Free shipping on any purchase of 75$ or more!

samedi, août 13, 2022

ce qu’il faut retenir après la consultat

-

Trois consultations d’autodétermination en Nouvelle-Calédonie, trois victoires du Non. Mais celle du 12 décembre 2021 prend des proportions inédites. Si le maintien dans la France obtient pas moins de 96.5% des suffrages, il profite de l’appel des indépendantistes à la non-participation, tandis que l’abstention a été massive. Tour d’horizon.

Françoise Tromeur

Publié le 13 décembre 2021 à 05h00,

mis à jour le 13 décembre 2021 à 05h06

Malgré le peu de suspense apparent, la soirée électorale s’est à nouveau prolongée tard dans la nuit, le dimanche 12 décembre 2021. Au-delà de 23h30, et après une allocution particulièrement solennelle d’Emmanuel Macron. Verdict de cette nouvelle journée historique : la grande question (« Voulez-vous que la Nouvelle-Calédonie accède à la pleine souveraineté et à à l’indépendance ? ») s’est vue répondre Non à 96.5% des suffrages exprimés. Et Oui à seulement 3.5%. 
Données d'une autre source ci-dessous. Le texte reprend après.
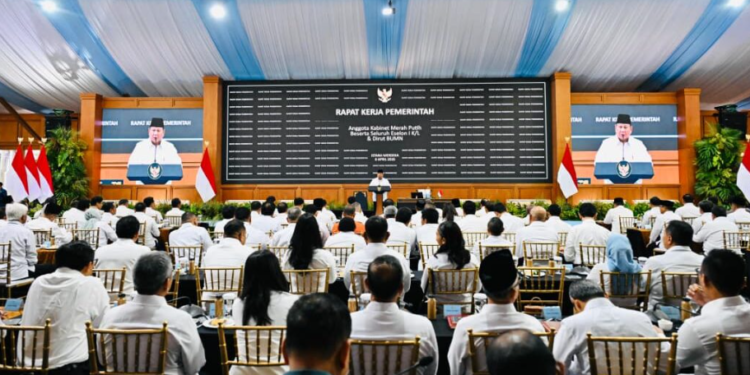 Presiden Prabowo Subianto menggelar Rapat Kerja Pemerintah bersama anggota Kabinet Merah Putih, seluruh pejabat Eselon I kementerian/lembaga, serta Direktur Utama BUMN di kompleks Istana Kepresidenan Jakarta, pada Rabu, 8 April 2026.(Presidenri)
Sauf que la victoire est en trompe l’œil : la moitié des électeurs inscrits sur la liste référendaire n’ont pas été voter. Et si le scrutin n’a pas été entaché d’incidents, la Nouvelle-Calédonie ne voit pas son avenir politique s’éclaircir. On résume…

Remarque d’une électrice nouméenne en sortant du bureau de vote : « De toute façon, on le connaît, le résultat. » Avant même la journée de scrutin, deux choses semblaient acquises d’avance : la victoire du Non à l’indépendance pour la troisième fois, et une forte abstention pour la dernière consultation inscrite dans l’Accord de Nouméa. La véritable inconnue, c’était l’ampleur de ces deux phénomènes. 

A Koumac, après dépouillement des bulletins lors du référendum de 2021.

©Brigitte Whaap / NC la 1ère

Après dépouillement, il s’avère que les partisans du maintien dans la France font un score exceptionnel, avec 96.5% de bulletins Non (75 765 électeurs). Un Non qui l’emporte partout : à l’échelle du pays, à l’intérieur de chaque province et dans l’intégralité des 33 communes. 

Avec un score particulièrement massif en province Sud (96.9%) et dans les villes qui votent plutôt Non : 97.6% à Nouméa, 96.9% à Dumbéa, 96.55% à Païta, 96.1% au Mont-Dore, 97.1 à Bourail, 95.4% à La Foa. On notera au passage le « record » détenu, dans l’extrême-nord par la petite commune de Ouégoa (97.98%), suivie, tout au Sud-Ouest, par Boulouparis (97.77%) – sans oublier les 100% de Poya Sud, cas particulier puisque tout le reste de la commune est en province Nord.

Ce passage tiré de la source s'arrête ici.